Misturador de cores

Misture duas ou mais cores com pesos ajustáveis. Veja a cor resultante em HEX, RGB e HSL.

Resultado da mistura

Como funciona a mistura de cores

Esta ferramenta usa uma mistura aditiva no espaço de cores RGB. Os componentes RGB de cada cor são calculados como média ponderada por seus pesos. Isso simula a forma como a luz se mistura (como projetores que se sobrepõem), ao contrário da mistura subtrativa (como misturar tinta).

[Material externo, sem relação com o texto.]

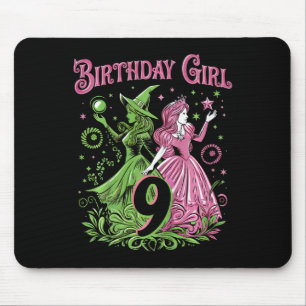 Kinder 9. Geburtstag Rosa und Grün 9 Jahre alt Mousepad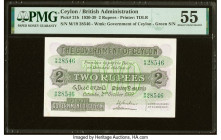 Ceylon Government of Ceylon 2 Rupees 2.10.1939 Pick 21b PMG About Uncirculated 55. Minor rust is noted on this example. HID09801242017 © 2022 Heritage...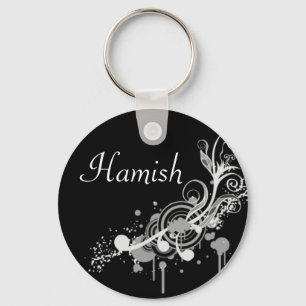 Porte-clés nommé personnalisé - motif noir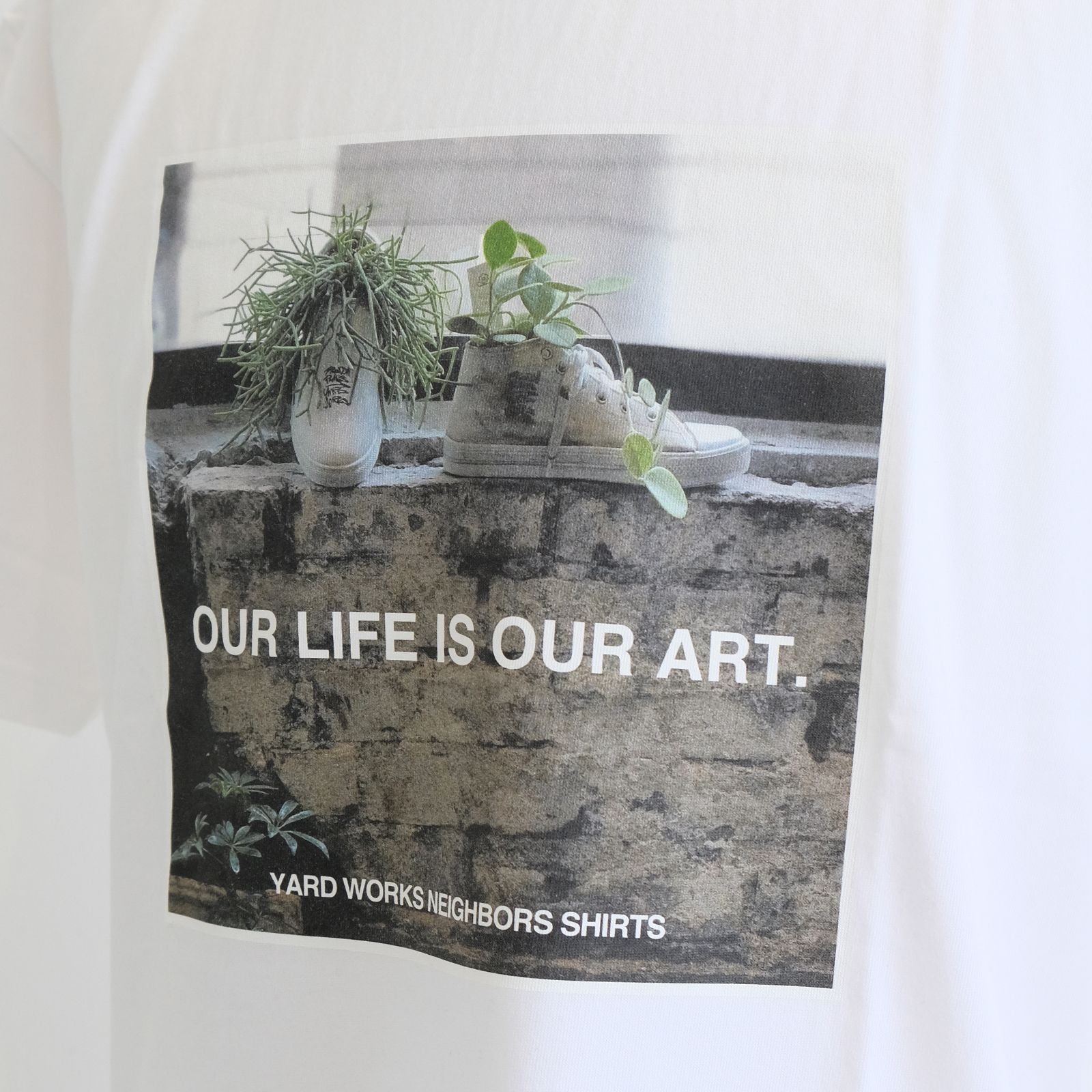 [ラスト1点 XL ]【グッドネイバーズシャツ×YARD WORKS】フォトプリント ビックシルエットTシャツ / big silhouette Tee / ホワイト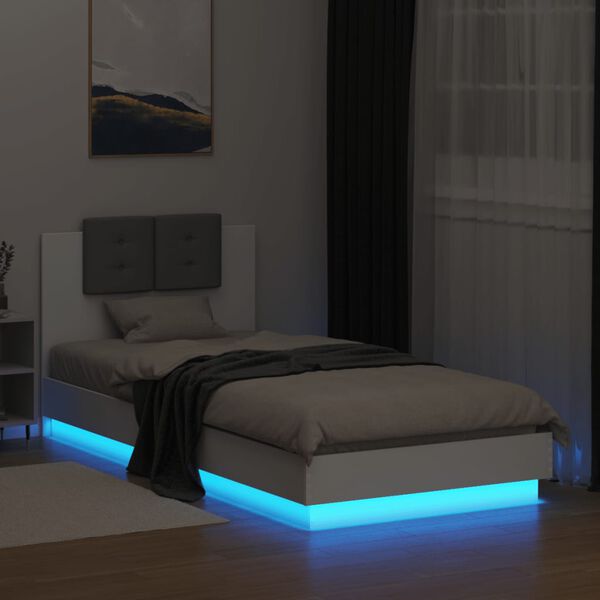 vidaXL Bedframe met hoofdbord en LED-verlichting wit 90x200 cm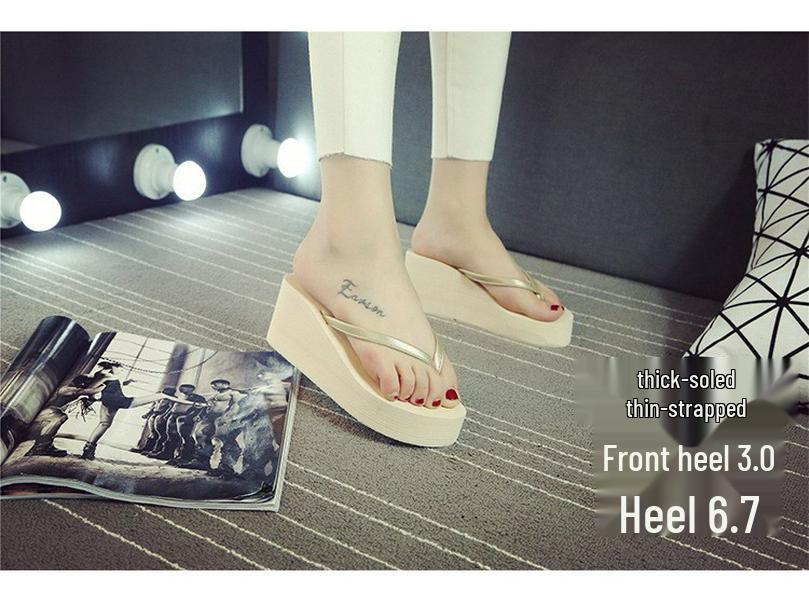 Student Women's Summer Non-Slip Toe-Post Slippers - Korean Style Wedge Heel with Thick Sole.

Posso misturar mais de duas cores ?

Sim ! Clique em « + Adicionar uma cor » para adicionar até 8 cores. Use os controles deslizantes de peso para controlar a contribuição de cada cor à mistura.

Como usar

  1. Escolha suas cores : use os seletores para escolher cada cor. Clique em « + Adicionar uma cor » para adicionar mais espaços (até 8).
  2. Ajuste o peso de cada cor : arraste o controle deslizante sob cada cor para controlar sua contribuição na mistura final.
  3. Pré-visualize o resultado : a cor misturada é exibida em tempo real com seus valores hex, RGB e HSL.
  4. Copie a cor misturada : clique para copiar o valor hex ou RGB obtido, para usar no seu design ou no seu código.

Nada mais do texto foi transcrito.